→ RECORDS FOR THIS TASK:

:::::

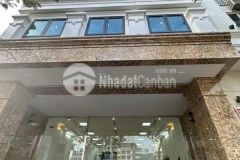 Bán tòa 8 nổi 1 hầm phố lạc long quân 75 tỷ 145m2, mt7.5m kinh doanh gần quận ủy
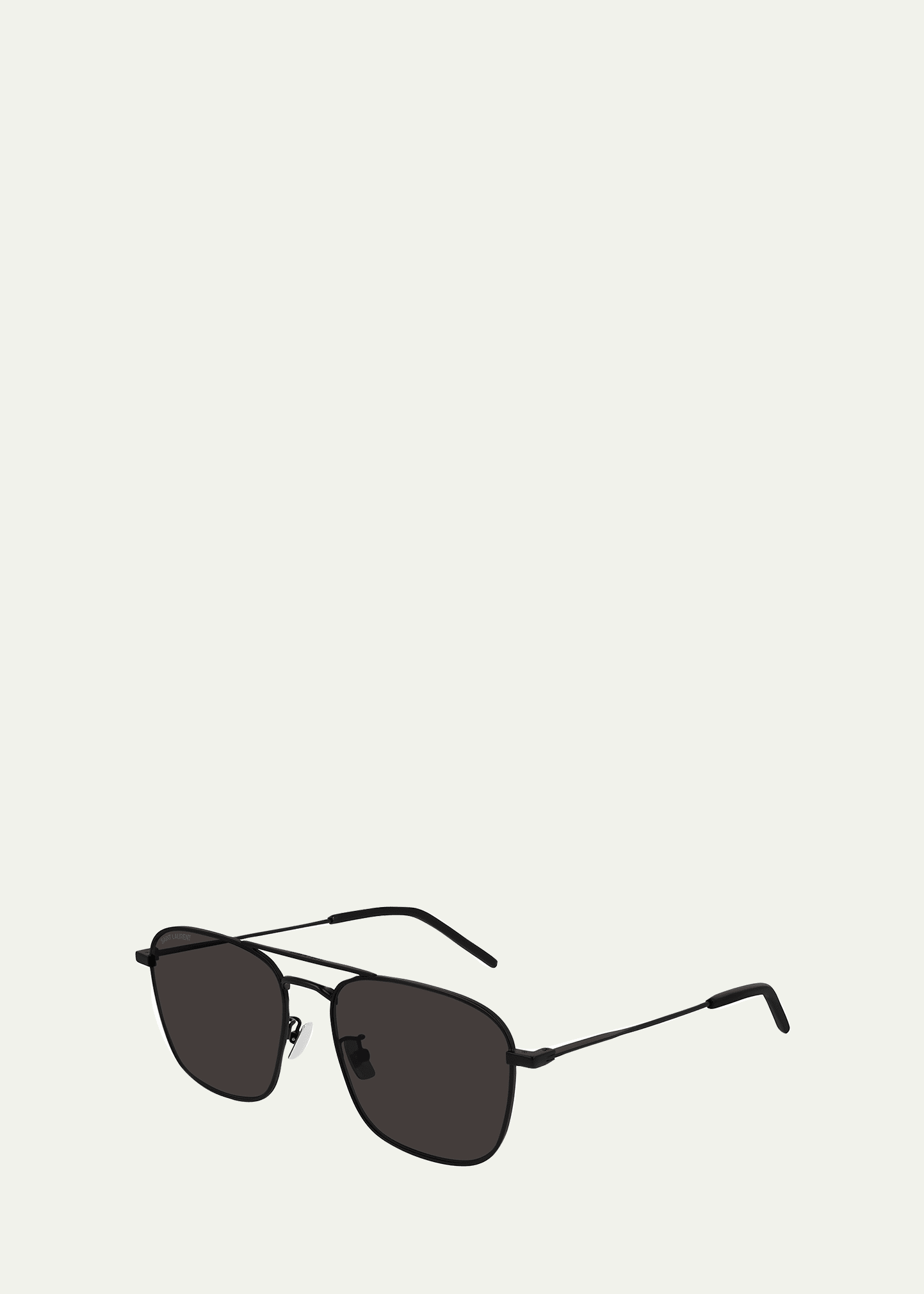 Saint Laurent Men's Sl 309 Sunglasses In Black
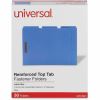 Universal 1/3 Tab Cut Letter Classification Folder 1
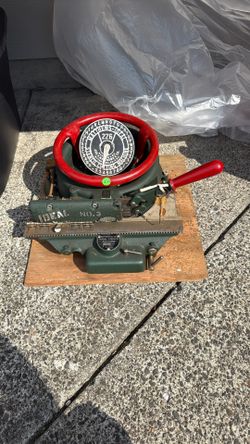 Vintage Ideal stencil machine No-3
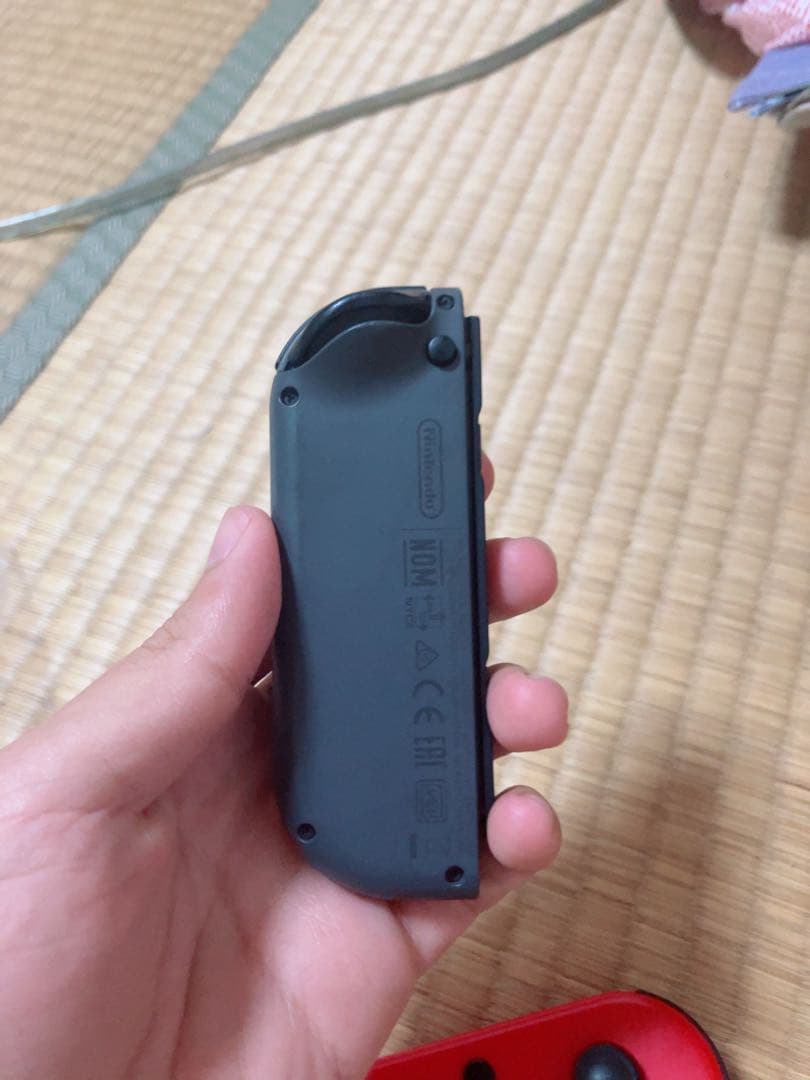 Nintendo Switch 本体 赤/黒ジャンク品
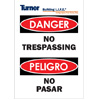 No Tresspassing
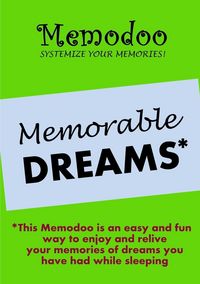 Produktbild: Memodoo Memorable Dreams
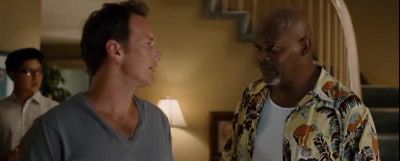 That's irony right - Lakeview Terrace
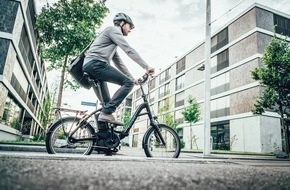 pressedienst-fahrrad gmbh: Urbane Fahrradtrends 2016: Falten, klappen, schieben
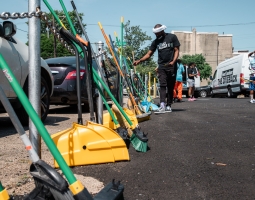 The Big Philly Cleanup #1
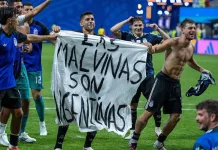 FIFA Selidiki Aksi Politik Pemain Argentina usai Kalahkan Inggris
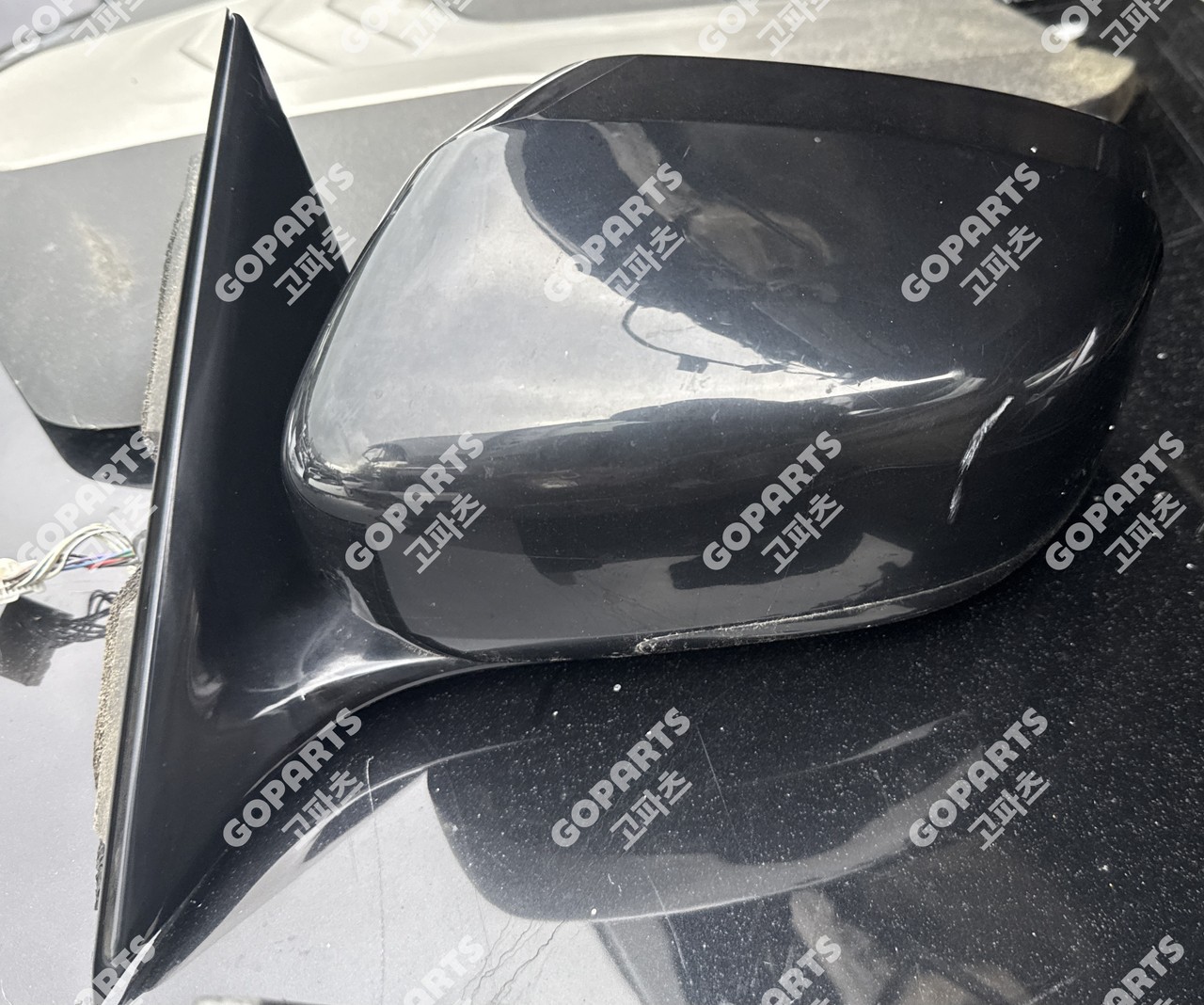 인피니티 인피티니 M37 4세대 Y51 세단 운전석사이드미러거울 앗세이어셈블리 사진 2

:::::

→ WHAT TO WORK ON:
Set down the records above exactly as written, beginning with the first line and ending with the line that contains "No Tresspassing", and do not include pictures.

→ ANSWER TO THE EXERCISE:
 Bán tòa 8 nổi 1 hầm phố lạc long quân 75 tỷ 145m2, mt7.5m kinh doanh gần quận ủy
 Saint Laurent Men's Sl 309 Sunglasses In Black
 Universal 1/3 Tab Cut Letter Classification Folder 1
 Vintage Ideal stencil machine No-3
 Nintendo Switch 本体 赤/黒ジャンク品
 No Tresspassing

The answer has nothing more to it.